Même si personne ne me l'a demandé, permettez-moi de continuer sur ma lancée. Vous avez le même problème si vous retirez l'adjectif «licite». Je respecte le fait que le Sénat ait présenté cette recommandation—la procureure générale s'est laissée aller à quelques réflexions publiques à ce sujet.

Ensuite, il y a cette rédaction assez spéciale du texte qui dit que les dommages matériels doivent probablement entraîner l'une des situations mentionnées aux points (A) à (C), alors qu'après «perturber gravement des services essentiels» au point (E), on a: «sauf dans le cadre» d'activité, de grèves, de protestation: «sauf»—vous avez donc une exception à l'exception.

Nous savons tous que les juges vont chercher une différence de sens s'il y a une différence de structure. Pourquoi n'a-t-on pas la même chose au point (E) qu'au point (D)? La suppression de l'adjectif «licite» serait probablement la moins bonne des trois solutions; la meilleure serait de s'en débarrasser; la deuxième, de prendre le texte que j'ai suggéré; et la troisième de supprimer «licite».

Le président: Merci.

Je dois dire que c'est probablement la meilleure question que vous ayez jamais posée, monsieur DeVillers.

Des voix: Oh, oh!

M. Paul DeVillers: Il ne me restait plus de temps pour la meilleure après celle-ci, et c'est pour cela que j'ai voulu y revenir.

Le président: Vous avez une minute.

M. Paul DeVillers: Oh, il me reste une minute?

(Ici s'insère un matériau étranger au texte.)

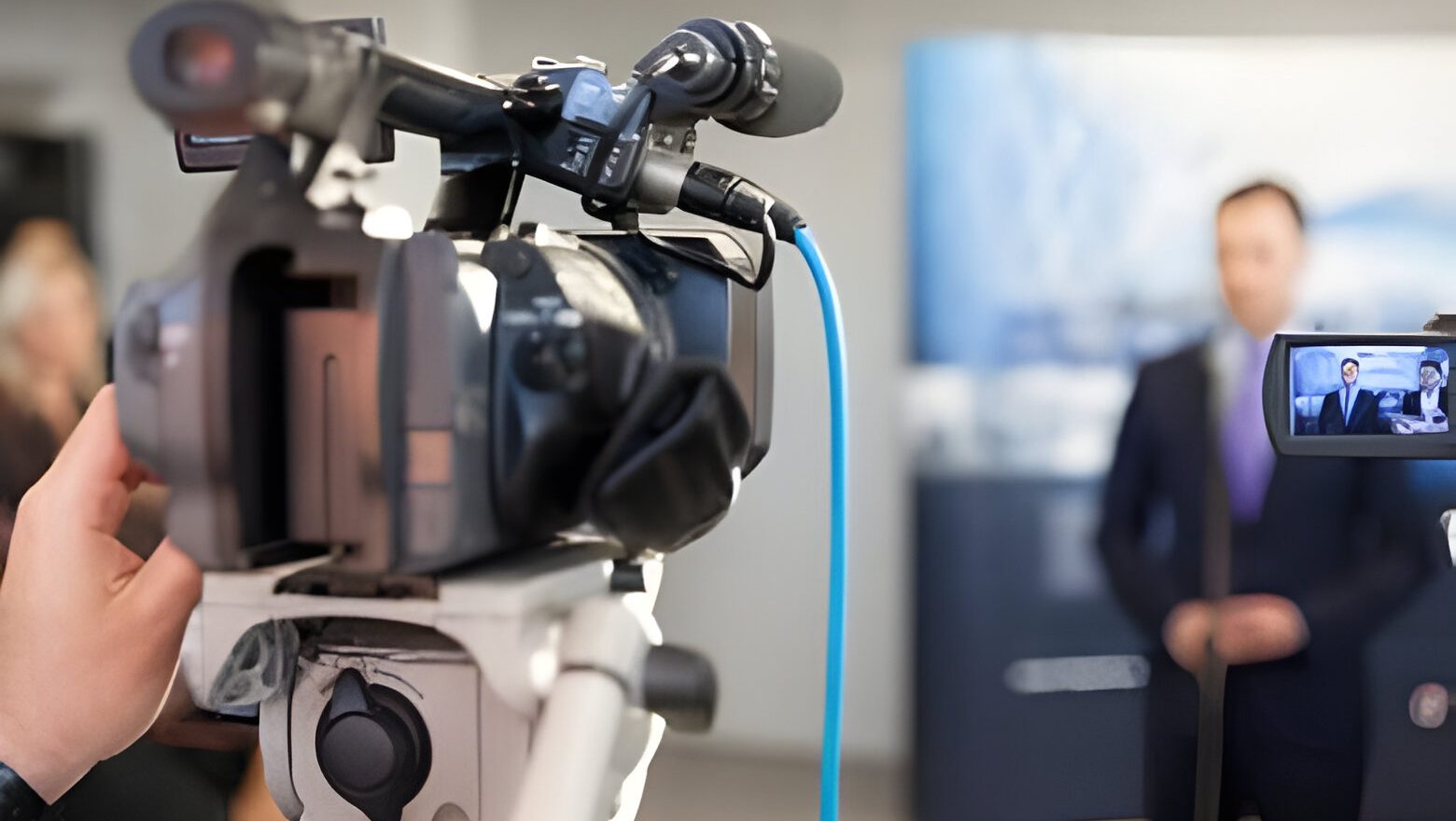 Exploring the Differences Between News Anchors and Reporters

Bon, ma meilleure question après celle-là... Non, je m'en souviens.

Ce qui vous préoccupait au sujet de l'inscription sur la liste, c'était le seuil ou la norme de motif raisonnable. Mais cette procédure est sujette à un examen judiciaire, encore une fois, comme... Il faut que le juge...

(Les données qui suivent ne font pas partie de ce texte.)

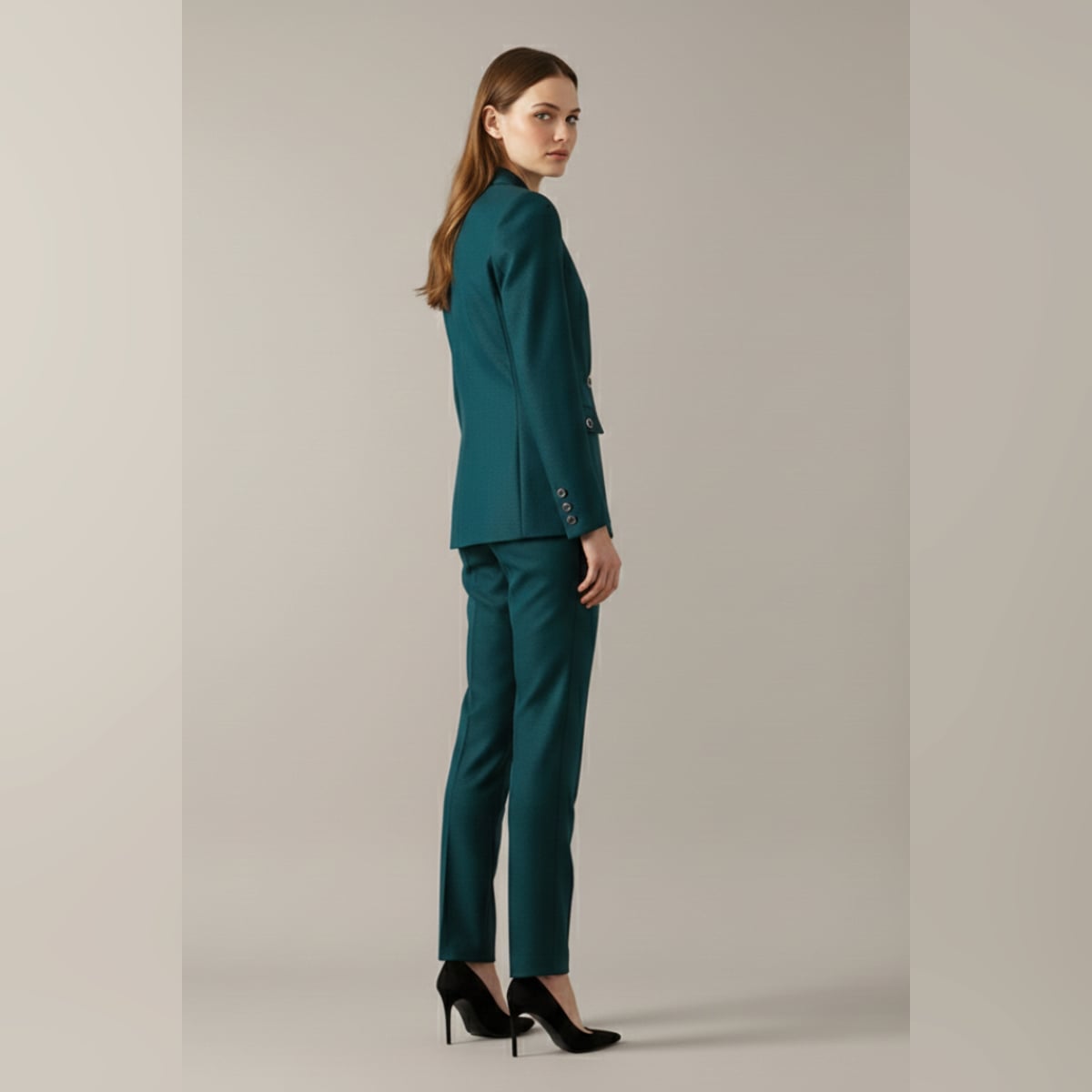 ensemble tailleur femme blazer et pantalon droit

M. James Aldridge: C'est le caractère raisonnable.

M. Paul DeVillers: Le caractère raisonnable. Le fait qu'il y ait cet examen judiciaire n'apaise-t-il pas votre crainte que la norme ne soit pas suffisante pour ce qui est des motifs raisonnables?

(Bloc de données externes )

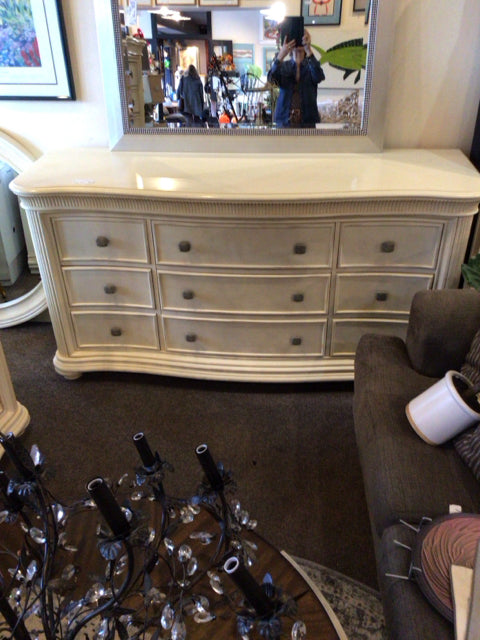 Stanley Wood 9 Drawer As Is Cream Dresser/Chest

M. James Aldridge: Pas du tout, à cause des conséquences que cela entraîne. Quand j'essaie de déterminer quel doit être le bon fardeau de la preuve dans un contexte juridique, j'essaie de voir les conséquences de la décision. Plus les conséquences sont graves, en règle générale, plus le fardeau de la preuve doit être élevé.

Je me suis dit que je pourrais soutenir—et je pense que ce serait une bonne argumentation—que compte tenu des conséquences qu'entraîne le fait d'être inscrit sur la liste des terroristes, conséquences très graves puisqu'il s'agit de paralysie économique et de la saisie éventuelle des biens, et aussi de la criminalisation de toutes les autres personnes qui ont des rapports avec vous si vous êtes inscrit sur la liste, le critère à appliquer devrait peut-être être celui du «doute raisonnable», comme dans les affaires criminelles. Mais en l'occurrence, et compte tenu de l'urgence de la situation, surtout s'il y a une clause d'extinction, c'est peut-être aller trop loin.

Ce que je suggère dans ce contexte, c'est que le critère que le juge appliquera soit d'être convaincu—le fardeau étant à la charge de la Couronne—selon la prépondérance des probabilités, que la personne décrite au paragraphe... L'amendement se trouverait à—oh, on se croirait dans les chiffres de la Loi de l'impôt sur le revenu—le paragraphe 83.05(6), alinéa d). Il faudrait que le juge détermine si la personne correspond à la description du paragraphe 83.05(1) selon la prépondérance des probabilités; il faudrait ensuite apporter les modifications consécutives aux autres articles.

Le président: Merci beaucoup.

M. Cadman a la parole pour trois minutes.

M. Chuck Cadman (Surrey-Nord, Alliance canadienne): Merci, monsieur le président.

Puisque c'est dans l'air du temps, il faut que j'établisse le lien avec la Colombie-Britannique aussi, puisque je viens de cette province et j'ai un lien avec l'UBC. Bien que je n'y ai pas suivi de cours, j'ai travaillé sur l'accélérateur TRIUMF pendant quatre ans et demi à la centrale nucléaire. C'est donc là mon lien.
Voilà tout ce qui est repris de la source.